A significant obstacle to the detection and characterization of cell-free DNA (cfDNA), also known as liquid biopsy, has been overcome, claims a team of researchers at the University of California at Los Angeles. In July 2024, the report was released in the prestigious journal Proceedings of the National Academy of Sciences.
What is Liquid Biopsy
A tissue biopsy, a process to remove cells for further in-depth analysis, may be one of the first things a doctor does when a patient presents with a suspicious bulge or symptoms. The appearance of the cells under a microscope can reveal the type of cancer present, reveal whether cancer is present, and provide information about the patient’s prognosis.
Tissue biopsies, which may need a big needle, an endoscope, or open surgery, can be intrusive, hazardous, expensive, and unpleasant even though they are crucial for patient care. Additionally, some individuals might not be able to undertake a tissue biopsy because their tumors are difficult to reach or because they have other medical issues that make them ineligible.
To address these problems, scientists have been investigating a novel strategy that may supplement or, in some situations, replace tissue biopsies. The method, which is sometimes referred to as a liquid biopsy, depends on examining fragments of tumor material present in physiological fluids like blood or urine, including molecules and entire cells, but primarily DNA.
A non-invasive biomarker for cell death in all organs is plasma cfDNA. Understanding the tissue origin of cfDNA can show aberrant cell death brought on by illnesses, which has significant therapeutic implications for detecting and monitoring disease.
Hurdles to Overcome
Despite the enormous potential, further research is required to evaluate the efficacy of the liquid biopsy method and its capacity to recognize different tumor forms. It is still unconfirmed if the liquid biopsy accurately represents all the genetic clones present in a tumor or if there is a bias towards particular tumor subregions. In addition, there are still issues with test sensitivity.
The test’s detection ability also needs further investigation since circulating tumor cells or DNA are very few in number compared to the number of hematological molecules present in a blood sample.

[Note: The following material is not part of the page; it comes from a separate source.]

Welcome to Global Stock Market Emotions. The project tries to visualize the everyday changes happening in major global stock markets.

Due to the incomplete characterization of tissue methylation and the dependence on unsupervised approaches, it is still difficult to sensitively and accurately quantify tissue-derived cfDNA using current methodologies. Furthermore, it is challenging to determine the tissue origin of the cfDNA fragments discovered in these studies.

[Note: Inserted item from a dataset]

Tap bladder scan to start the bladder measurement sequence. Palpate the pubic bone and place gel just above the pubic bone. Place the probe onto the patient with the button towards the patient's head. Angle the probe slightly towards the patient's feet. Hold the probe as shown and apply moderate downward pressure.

Breakthrough at the UCLA Lab
In order to overcome one of the main challenges in liquid biopsy, a group of researchers led by Xianghong Jasmine Zhou, PhD, professor of Pathology and Laboratory Medicine at UCLA’s David Geffen School of Medicine, has achieved major success.
They identified specific methylation patterns that are peculiar to each tissue, which may help in identifying the precise tissue or organ associated with cfDNA abnormalities observed by testing. This discovery might help overcome the significant obstacle to effective disease diagnosis and monitoring.
In the recent work, the team created a thorough and high-resolution methylation atlas using a large dataset of 521 non-cancerous tissue samples that represented 29 different types of important human tissues. They refer to the method as cfSort and demonstrated that it was successful in identifying certain methylation patterns particular to each tissue at the fragment level. These results were then verified using other datasets.
Further, the researchers demonstrated the therapeutic implications of cfSort by highlighting two possible applications: assisting in the detection of diseases and keeping track of medication side effects. They evaluated and predicted patient clinical outcomes by measuring the tissue-derived cfDNA percentage using cfSort.
cfSort exceeded the previous approaches in terms of accuracy and detection limit, making more accurate tissue fraction estimation and differentiating a lower level of tissue-derived cfDNA, according to Shuo Li, the first author of the published study. The cfSort further showed almost flawless resistance against the hidden local variations in tissue composition, showing its broad application to a variety of people.